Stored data
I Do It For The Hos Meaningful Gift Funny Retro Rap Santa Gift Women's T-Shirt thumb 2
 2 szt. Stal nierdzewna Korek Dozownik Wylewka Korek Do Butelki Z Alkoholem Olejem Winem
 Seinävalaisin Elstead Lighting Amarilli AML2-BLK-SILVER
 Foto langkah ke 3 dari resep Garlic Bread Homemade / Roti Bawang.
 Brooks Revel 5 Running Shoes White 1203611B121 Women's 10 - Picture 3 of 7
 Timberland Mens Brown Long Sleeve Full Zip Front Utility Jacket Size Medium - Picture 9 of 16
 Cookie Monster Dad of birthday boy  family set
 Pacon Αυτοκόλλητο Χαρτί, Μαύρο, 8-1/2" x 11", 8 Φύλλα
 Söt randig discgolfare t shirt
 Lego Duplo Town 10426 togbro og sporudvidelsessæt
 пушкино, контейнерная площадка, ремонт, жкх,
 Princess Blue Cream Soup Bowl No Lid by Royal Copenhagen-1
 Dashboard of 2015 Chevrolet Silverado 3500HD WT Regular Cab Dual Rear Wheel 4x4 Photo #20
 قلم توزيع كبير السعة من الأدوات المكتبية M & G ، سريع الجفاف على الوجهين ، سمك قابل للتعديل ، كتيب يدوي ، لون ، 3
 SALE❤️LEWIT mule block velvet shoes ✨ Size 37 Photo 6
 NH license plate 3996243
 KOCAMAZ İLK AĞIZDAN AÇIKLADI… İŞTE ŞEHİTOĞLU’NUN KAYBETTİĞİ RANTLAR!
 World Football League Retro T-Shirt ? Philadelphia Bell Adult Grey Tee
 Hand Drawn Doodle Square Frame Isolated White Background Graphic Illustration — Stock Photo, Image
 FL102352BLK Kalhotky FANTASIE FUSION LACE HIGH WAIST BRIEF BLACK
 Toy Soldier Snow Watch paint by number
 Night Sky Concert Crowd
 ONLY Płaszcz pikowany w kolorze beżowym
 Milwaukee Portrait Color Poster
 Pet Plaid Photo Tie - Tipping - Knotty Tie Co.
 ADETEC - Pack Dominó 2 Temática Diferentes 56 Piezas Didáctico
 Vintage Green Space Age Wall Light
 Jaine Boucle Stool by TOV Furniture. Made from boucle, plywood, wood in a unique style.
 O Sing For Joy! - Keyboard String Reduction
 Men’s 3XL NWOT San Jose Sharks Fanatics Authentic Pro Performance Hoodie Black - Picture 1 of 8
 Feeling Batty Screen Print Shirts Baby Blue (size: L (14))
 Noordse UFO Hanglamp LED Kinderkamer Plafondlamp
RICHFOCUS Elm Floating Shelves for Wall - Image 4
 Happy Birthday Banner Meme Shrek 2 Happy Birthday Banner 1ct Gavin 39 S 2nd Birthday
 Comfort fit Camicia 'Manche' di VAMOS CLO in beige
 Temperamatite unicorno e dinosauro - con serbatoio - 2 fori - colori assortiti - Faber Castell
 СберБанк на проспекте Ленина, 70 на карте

What to work on: Looking at each line of the records, count the ones where the word "Photo" appears, and report only the count.

Written answer: 4